Era uma vida subterrânea mesmo, pois ainda não havia acontecido o “estouro”
da beat, sua transformação em fenômeno literário e comportamental, abrindo
caminho para a contracultura e as rebeliões juvenis da década de 1960, e convertendo
seus escritores em personagens públicos. Isso só ocorreria mais tarde, depois da
publicação de Howl and other poems (Uivo e outros poemas) de Ginsberg
(em 1956) e de On the Road (Pé na Estrada) de Kerouac (em 1957). A
ação antecede, portanto, em alguns anos a entronização e coroação de Kerouac como
“rei dos beats”, honraria que ele nunca quis, conferindo-lhe uma fama que
não havia pedido, e um tipo de notoriedade que só contribuiu para sufocar seu talento
e destruí-lo psicologicamente.
Kerouac foi realmente um beat? Ele mesmo manifestou dúvidas a respeito,
em seu período de reclusão que durou de sua crise em 1961 até sua morte em 1969.

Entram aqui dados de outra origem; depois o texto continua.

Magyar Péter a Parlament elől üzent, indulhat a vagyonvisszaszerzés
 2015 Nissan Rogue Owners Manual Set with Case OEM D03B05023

Certamente, tinha divergências de fundo, no plano da política e da moral, com Ginsberg
e outros de seus companheiros. Além disso, sua literatura “de estrada” – On the
Road, Os Subterrâneos, Tristessa, The Dharma Bums, Big
Sur, Desolation Angels, Lonesome Traveller – corresponde a um
dos aspectos de sua obra, a uma das facetas de seu enorme talento como narrador
e renovador da prosódia. Na mesma medida, sua atuação como participante da geração
beat equivale a uma fase da sua vida e a um dos aspectos de sua complexa,
múltipla e contraditória personalidade. Passou pela beat, deixando sua marca,
como etapa da aventura que foi sua vida, um dos momentos de sua trajetória pessoal,
talvez um dos passos de sua via crucis.
Kerouac foi, na verdade, um romântico extremado e radical; e sua vida, um
percurso em busca do impossível: a concretização de seus ideais, de uma ética da
pureza, a ressurreição de seus personagens queridos, a recuperação do tempo perdido,
da infância idílica, da inocência original do ser humano, da vitória sobre a morte.

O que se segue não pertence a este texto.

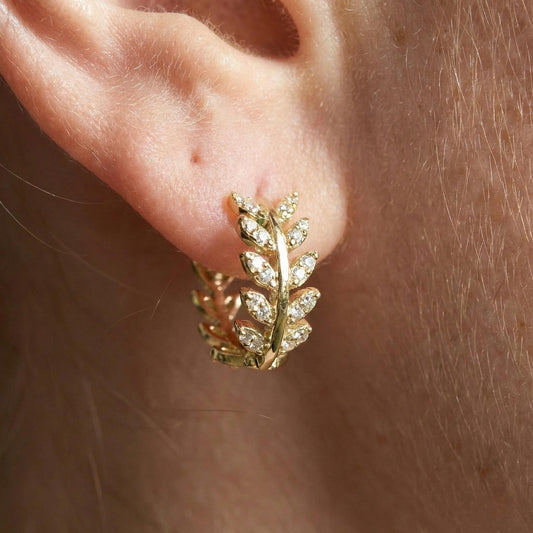 Moissanite Pavé Leaf Wreath Huggie Hoops| Jardin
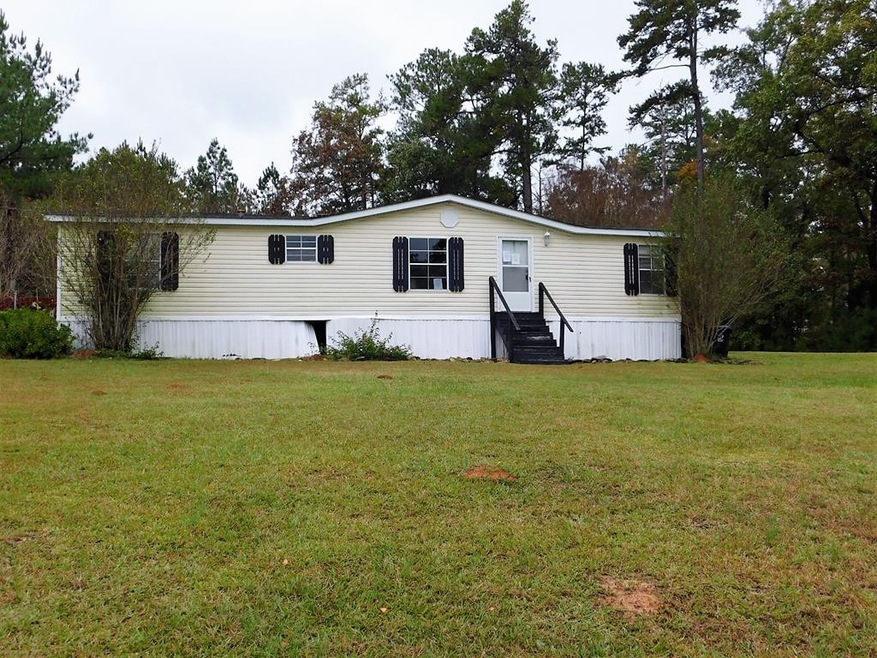 1514 Forest Lake Dr, Lincolnton, GA 30817 - photo 1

Nesse percurso, viajou por seu país e por outros lugares do mundo, viveu e atuou
intensamente, para, ao fim, fechar-se em copas, recolher-se até morrer, isolado
e incompreendido, aos 47 anos de idade.
A publicação de On the Road no Brasil suscitou a previsível polêmica
sobre seu valor literário e sua importância. Chegou-se a falar em modismo e volta
aos anos 50. E até mesmo em “inútil exumação”, em um de nossos suplementos literários.
Nada a estranhar: a polêmica o acompanhou por sua vida, e continuou depois dela.

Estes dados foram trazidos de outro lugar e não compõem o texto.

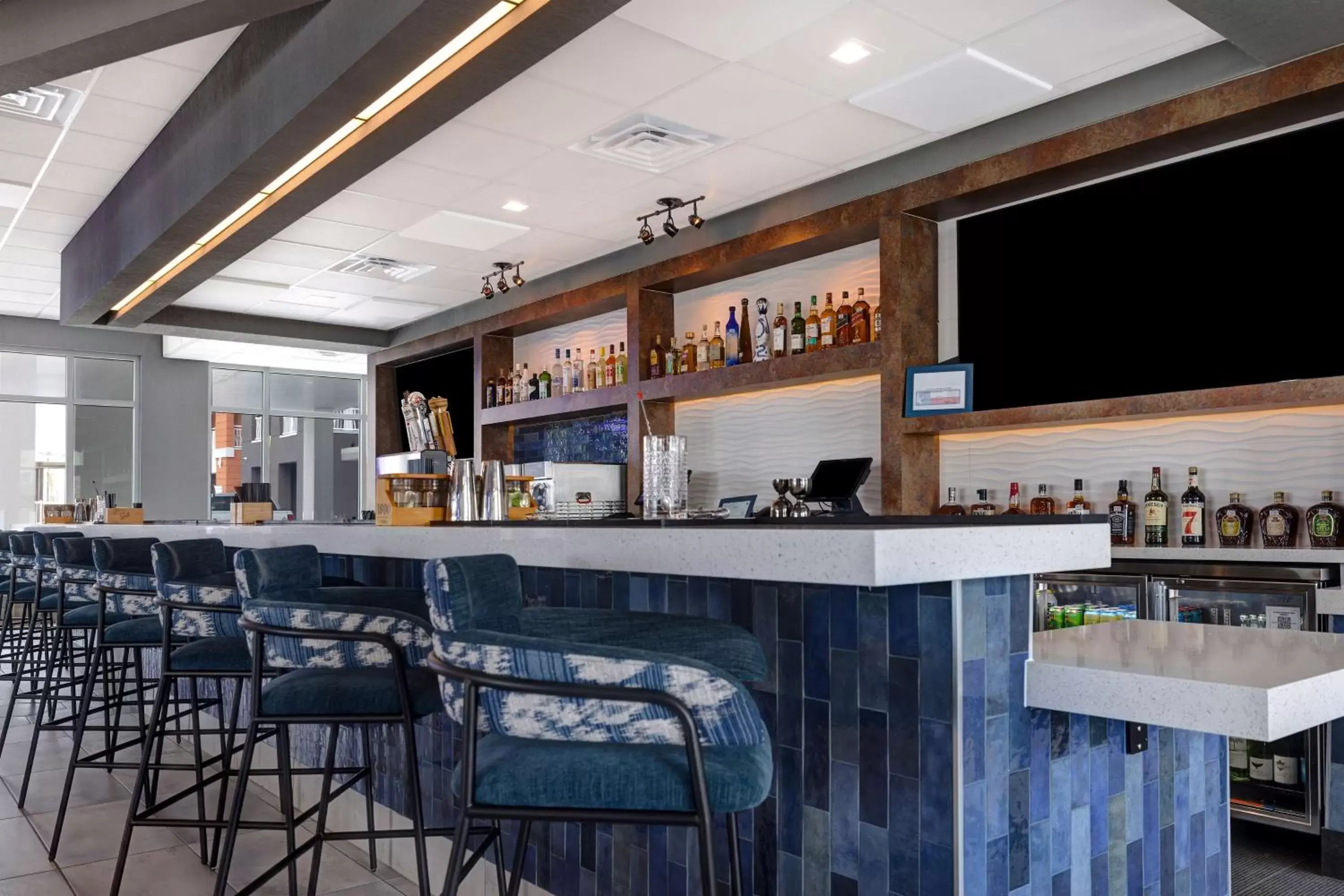 Lounge or bar, Lounge/Bar in Home2 Suites Galveston, Tx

Mas é importante assinalar que o reconhecimento da contribuição de Kerouac e a atenção
dada à sua obra só têm crescido, desde sua morte. Hoje, nos Estados Unidos e em
outros lugares, Kerouc é mais lido e melhor lido. Contribuiu para isso a publicação
póstuma de sua mais extensa e inspirada obra, Visions of Cody, em 1972. E
a maior atenção à sua obra evocativa, em que fala da infância e juventude: Doctor
Sax, Maggie Cassidy e Vanity of Duluoz.
Tais livros não nos revelam “outro” Kerouac. Apenas ampliam a compreensão
de sua obra e sua personalidade. O destaque dado a Kerouac como “beatnik” talvez
tenha algo de um modismo ultrapassado; mas não o interesse pelo Kerouac escritor.
Este continua e permanecerá. Tanto assim, que a bibliografia a seu respeito, os
estudos dedicados à sua vida e obra, tem aumentado do começo dos anos de 1970 até
hoje. A biografia pioneira por Ann Charters é de 1973; do mesmo ano, Kerouac’s
Town de Barry Gifford e Visions of Kerouac de Charles E. Jarvis. Há outro
Visions of Kerouac, por Martins Duberman, de 1977. Allen Ginsberg escreveu
sobre ele Visions of the Great Rememberer, de 1974, e em inúmeras outras
ocasiões. De 1976 é The Naked Angels de John Tytell, sobre o trio constituído
por Kerouac, Ginsberg e Burroughs. De 1978, o interessantíssimo Jack’s Book,
de Barry Gifford e Lawrence Lee, um livro-colagem de depoimentos a seu respeito.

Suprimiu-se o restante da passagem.